8.1.3 - Cluster crashes when adding new node to cluster

RickardNilsson

New Member
Nov 25, 2023
4
0
1
Hi,

I currently have a cluster with 5 nodes. When trying to add a sixth node to the cluster the entire cluster becomes unstable and the nodes restart one after another.

The nodes are connected to a 10 Gb switch, separate VLANs for cluster traffic and ceph.

All nodes are reachable from each other, both on the subnet used for the custer network(10.0.3.x/24) as well as the subnet used for the web interface (192.168.1.x/24).

There is no particular error logged on the different nodes before they restart but below I include some of the log entries I have found in the different machines)

Code:
Nov 25 18:26:31 rilleProx3 corosync[2008]:   [MAIN  ] *** cs_ipcs_msg_process() (2:2 - 1) No buffer space available! (there are plenty of free space available in the root partition)

Nov 25 18:27:58 rilleProx1 pve-ha-lrm[7857]: cluster file system update failed - ipcc_send_rec[1] failed: Connection refused
Nov 25 18:28:01 rilleProx1 cron[2281]: (*system*vzdump) CAN'T OPEN SYMLINK (/etc/cron.d/vzdump)
Nov 25 18:28:02 rilleProx1 pve-ha-crm[3362]: cluster file system update failed - ipcc_send_rec[1] failed: Connection refused
Nov 25 18:28:03 rilleProx1 pve-ha-lrm[7857]: cluster file system update failed - ipcc_send_rec[1] failed: Connection refused
Nov 25 18:28:07 rilleProx1 pve-ha-crm[3362]: cluster file system update failed - ipcc_send_rec[1] failed: Connection refused
Nov 25 18:28:07 rilleProx1 pve-firewall[2637]: status update error: Connection refused

Nov 25 18:18:28 rilleProx1 pveproxy[7850]: unable to read file '/etc/pve/nodes/rilleProx5/lrm_status' (rilleProx5 is the new machine).
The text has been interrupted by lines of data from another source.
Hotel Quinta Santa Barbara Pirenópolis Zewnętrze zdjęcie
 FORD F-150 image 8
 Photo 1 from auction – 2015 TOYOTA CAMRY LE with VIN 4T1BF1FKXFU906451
As soon as I shutdown the new machine everything goes back to green. It's a bit difficult to debug as well since the entire cluster gets unstable when I switch on the new node.
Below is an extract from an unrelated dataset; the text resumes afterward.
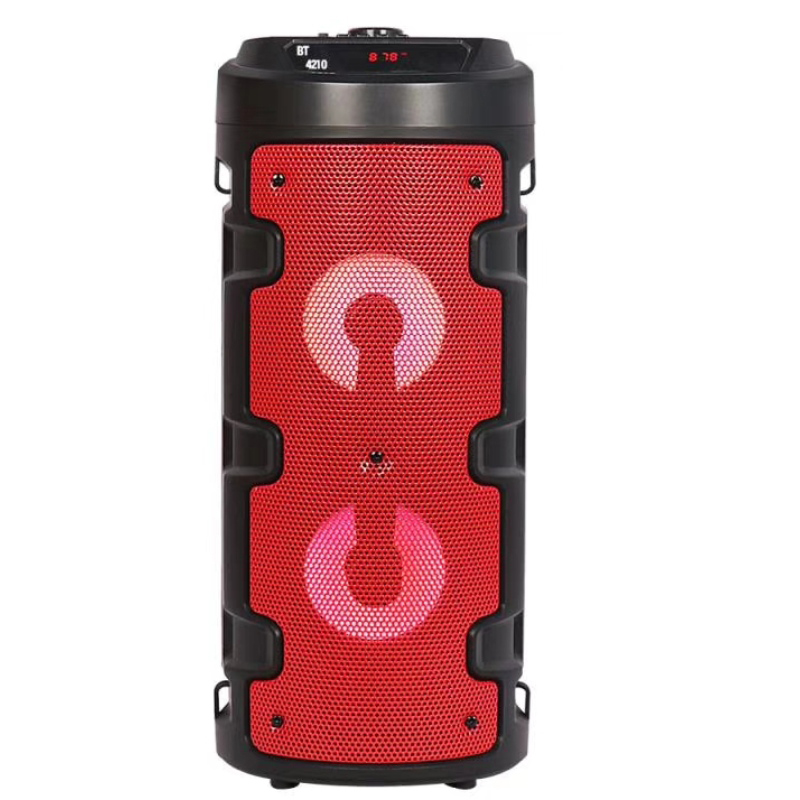 ブルートゥーススピーカー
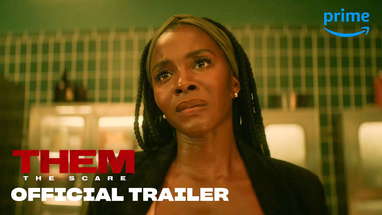 Them: The Scare - Official Trailer | Prime Video poster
When adding the new node I got an error message, screenshot added
. Screenshot 2023-11-25 at 18.48.05.png
And the pre folder looked like this on the new node:
Untitled.jpg

And one of the working nodes now complains about:
Code:
Nov 25 18:57:47 rilleProx2 pve-ha-crm[3141]: unable to read file '/etc/pve/nodes/rilleProx5/lrm_status'

And als in that folder gives:
Code:
root@rilleProx2:~# ls -l /etc/pve/nodes/rilleProx5/
total 0
-rw-r----- 1 root www-data 0 Nov 25 18:17 lrm_status.tmp.2324
drwxr-xr-x 2 root www-data 0 Nov 25 17:00 lxc
drwxr-xr-x 2 root www-data 0 Nov 25 17:00 openvz
drwx------ 2 root www-data 0 Nov 25 17:00 priv
-rw-r----- 1 root www-data 0 Nov 25 18:13 pve-ssl.key
drwxr-xr-x 2 root www-data 0 Nov 25 17:00 qemu-server

lrm_status.tmp.2324 is empty.

Has anyone faced a similar issue and know how to resolve it? It has always worked perfectly good for me before to add new nodes to different clusters.

Best regards,
Rickard
 
Last edited:
And now when checking the cluster status from another node I get this error:

'/etc/pve/nodes/rilleProx5/pve-ssl.pem' does not exist! (500)